At one point, the earthbound Winnie ebulliently declares that she feels it is such a “happy day” that she should be able to ethereally rise into the sky, holding her parasol above her, one that mysteriously burns up and is tossed aside by her. Also, interestingly, except for Willie, her husband, the only other character who “makes an appearance” in the play is an ant, one that Winnie spies with her magnifying glass and carefully follows until it disappears under a rock. We are but ants in Beckett’s universe, but with the ability to talk and, unfortunately, be aware of our own brief, inexplicable existence on this mound called earth.
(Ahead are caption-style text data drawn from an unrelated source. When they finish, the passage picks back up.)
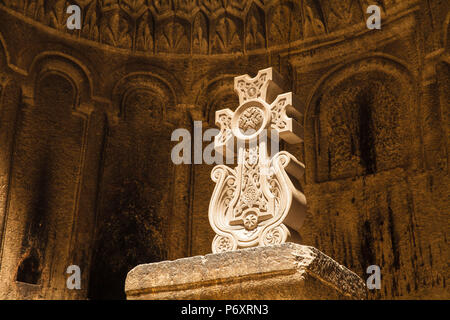 Armenien, Jerewan Provinz, in der Nähe von Jerewan, Geghard, Interieur des Kloster Geghard Stockfoto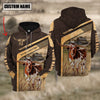 Uni Texas Longhorn On The Meadow Custom Name Hoodie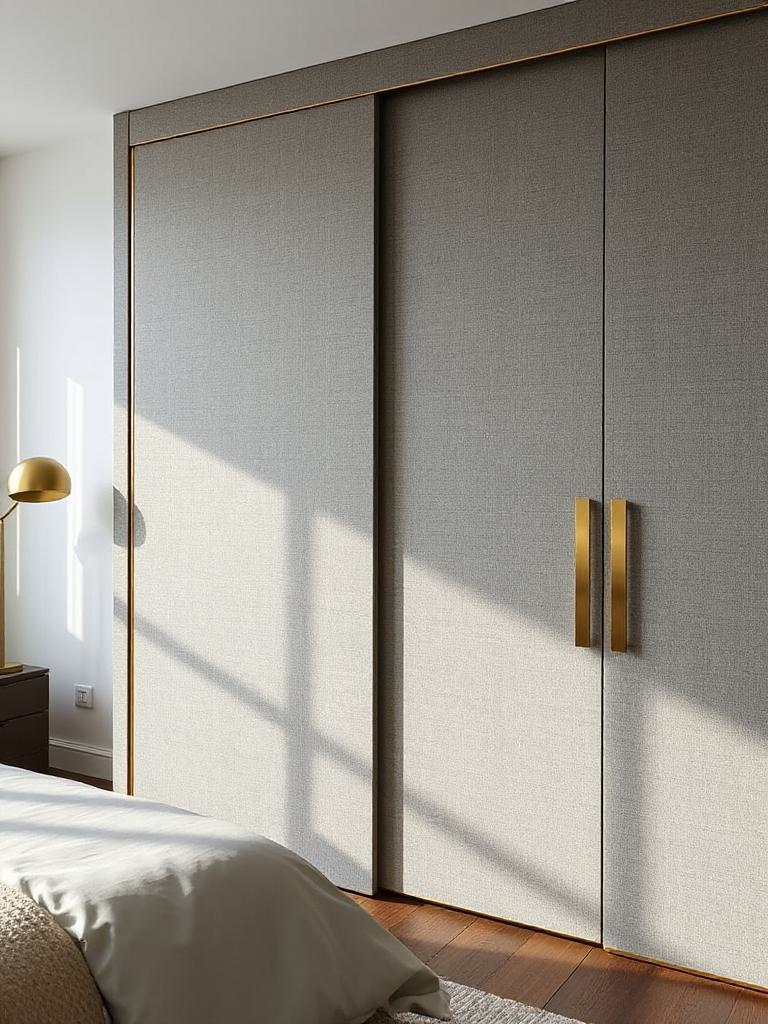 cozy linen with brass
Meanwhile she directs questions, demands, and criticism of her husband Willy played mostly off stage by Jack Wetherall. Unlike Winnie who is at the top of the mound, Willy mostly lives in a cave and has to be reminded by Winnie, as if he is a child, that if he enters the cave head first he might have difficulty backing out. There is humor in all of this, very dark humor, which takes a darker turn in the briefer second act when the bell rings and Winnie is now buried up to her neck in her earth mound, unable to move anything at all, including her head. (In fact, Beckett in his correspondence with the play’s American director, Alan Schneider, when the play premiered at NYC’s Cherry Lane Theatre in 1961, said of Winnie: “She simply can’t move, that’s all. Times when she can’t speak, times where she can’t move. Her problem is how to eke out, each ‘day’ and organize economy of these two orders of resources, body and speech.”)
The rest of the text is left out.